L’utilisation de l’électricité a réduit le coût d’exploitation à environ un tiers de ce qui aurait été dépensé en diesel, que le Kenya voisin utilise pour alimenter sa propre ligne SGRdit-il à la BBC.
“Nous sommes les moins chers de la région et d’Afrique en termes de coût”, dit-il.
Cependant, tout le monde n’est pas entièrement satisfait.
Adam Ally Mwanshinga, président du syndicat des agents du terminal de bus de Dodoma, affirme que ses membres ont perdu une partie importante de leur activité à cause du chemin de fer.

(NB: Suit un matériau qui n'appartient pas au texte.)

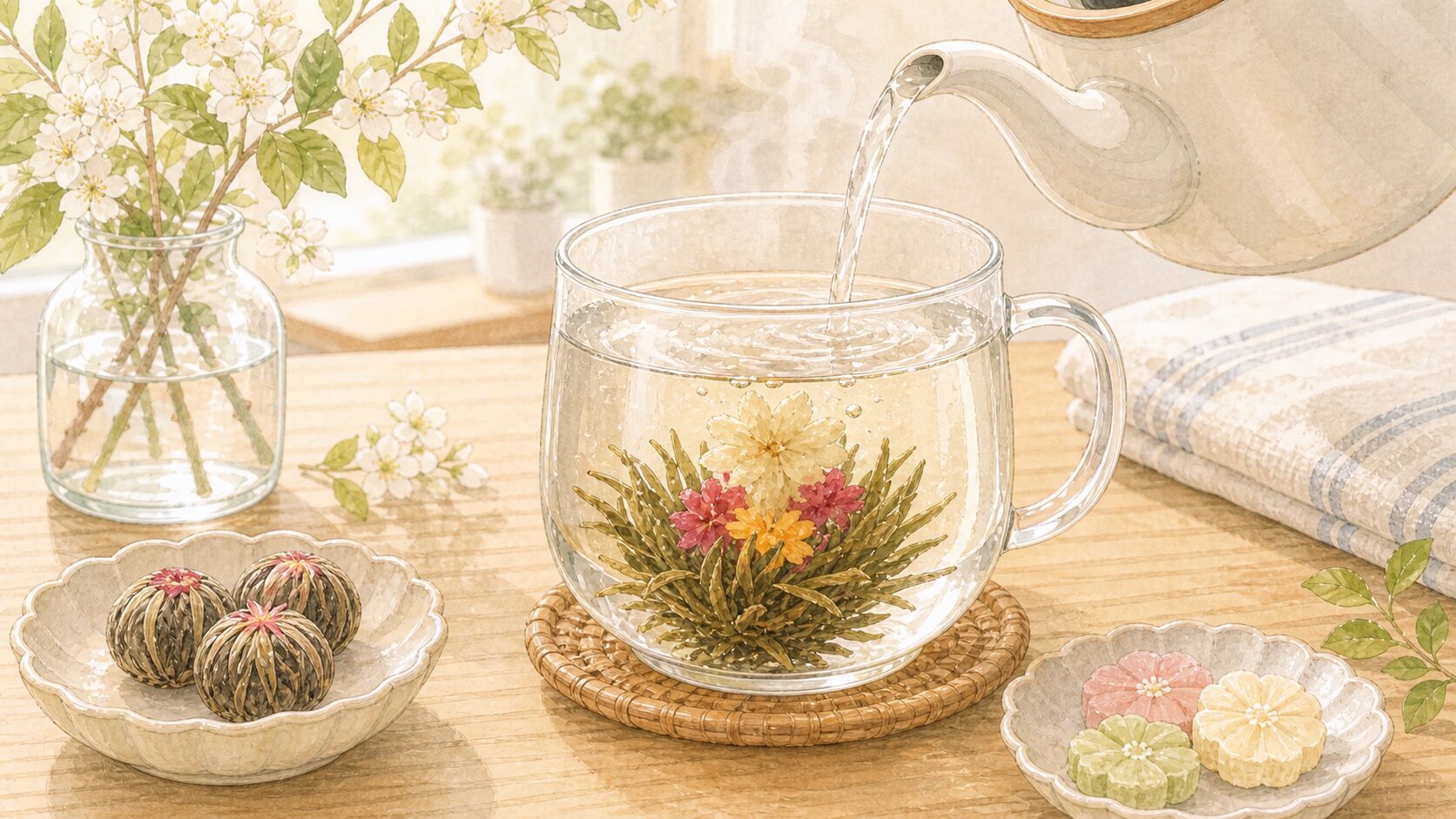 耐熱ポットへ工芸茶とお湯を入れるイメージイラスト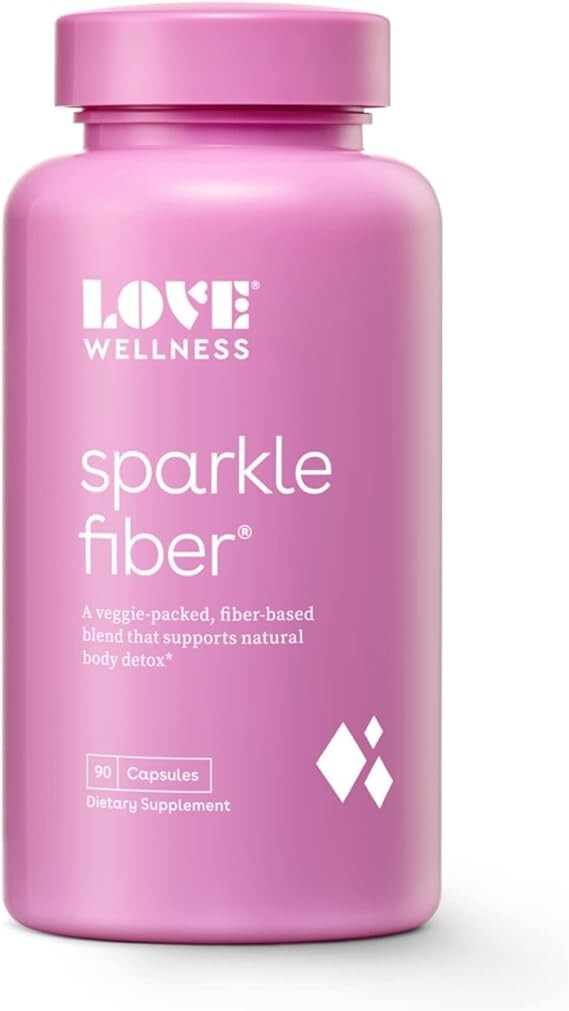 Love Wellness Sparkle Fiber Supplement for Digestive Health Body Detox 90 Cap.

Il n’y a pas si longtemps, la gare routière moderne de la capitale était un terminal très animé, dit-il, ajoutant qu’il y a désormais 4 à 500 passagers de moins chaque jour.
Bien qu’il soit moins cher de voyager en bus, la commodité du train est plus attrayante pour beaucoup.
“Les affaires sont en baisse et la vie est difficile”, dit M. Mwanshinga.
“Les bus ne peuvent pas se remplir et les nombreuses entreprises qui bénéficiaient auparavant de l’arrivée de nombreuses personnes souffrent”, dit-il.
Il semble toutefois résigné face à la situation, affirmant que le développement de la SGR “a bien fonctionné pour la majorité de la population”.
“C’est la nature de la vie : il y a ceux qui en profitent et ceux qui vont souffrir.”